If only George Bush was president, the media would be shouting the news” BUSH’S FAILED ECONOMIC POLICIES INCREASING GAS PRICES!

At the start of Bush’s term in 2009, the average pump price for gasoline was $1.81. Today it is closer to $3.50 a gallon. Over the last two years, gas prices at the pump have risen 90%. If the average consumer is using 100 gallons a gas a month,the price increase has decreased his discretionary spending by $169.00. That $169.00 often times comes out of the family budget, thereby causing these families to go hungry just so they can get to work! Why does George Bush hate the poor and middle class? Why is George Bush enriching the oil companies?

Ah, the good ol’ days when the media would report such increases.

PrettyD_Vicious on February 28, 2011 at 5:05 PM

Where is my editor that would have caught “family FOOD budget.”

PrettyD_Vicious on February 28, 2011 at 5:07 PM

Anyone checked out the prices of rice lately? Not energy related, but the price of rice has gone up 75% in my area in the last week.

Cody1991 on February 28, 2011 at 4:57 PM

China is selling a particular brand of rice at a cheap price.

PrettyD_Vicious on February 28, 2011 at 5:10 PM

Cavuto just announced that 0 admin just gave BP permission t
for offshore drilling in the Gulf of Mexico.

OmahaConservative on February 28, 2011 at 4:59 PM

That must mean all the rigs have moved to the coast off South America, to harvest for Soros, and are no longer available here.
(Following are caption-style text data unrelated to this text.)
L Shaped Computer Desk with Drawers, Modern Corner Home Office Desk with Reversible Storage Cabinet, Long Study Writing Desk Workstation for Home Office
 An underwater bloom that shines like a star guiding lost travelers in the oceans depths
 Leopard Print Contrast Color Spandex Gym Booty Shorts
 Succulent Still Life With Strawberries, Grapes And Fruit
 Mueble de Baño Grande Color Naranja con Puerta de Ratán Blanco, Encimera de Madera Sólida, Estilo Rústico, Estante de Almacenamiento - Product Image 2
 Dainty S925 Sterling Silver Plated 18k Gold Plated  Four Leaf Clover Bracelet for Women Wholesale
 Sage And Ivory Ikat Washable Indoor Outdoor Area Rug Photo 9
a capella on February 28, 2011 at 5:12 PM

The hell with ANWAR or the Gulf. The Bakken Field in Montana has 2000 years worth of oil. Estimated $1.15 a gallon to US Citizens not counting what we could sell on the open market. This is all being done on purpose to bankrupt us. Are the Republicans ignorant or complicit? We already know where Comrade Zero stands on this……

adamsmith on February 28, 2011 at 4:36 PM

But what if a moose is inconvenienced by the oil wells? Can’t possibly take that risk.

angryed on February 28, 2011 at 5:15 PM

bayam on February 28, 2011 at 3:48 PM

According to liberals:

Cutting $100B of the budget won’t do anything since the deficit is so big.

Drilling for oil won’t do anything since worldwide demand is so big.

But asking union members to pay $100 a month towards their own health insurance? That will destroy the world as we know it and we cannot possibly allow it to happen.

angryed on February 28, 2011 at 5:17 PM

China is selling a particular brand of rice at a cheap price.

PrettyD_Vicious on February 28, 2011 at 5:10 PM

Yeah, food fights won’t be a humorous, childish interlude soon. They will be for real and coming to a theater near all of us soon.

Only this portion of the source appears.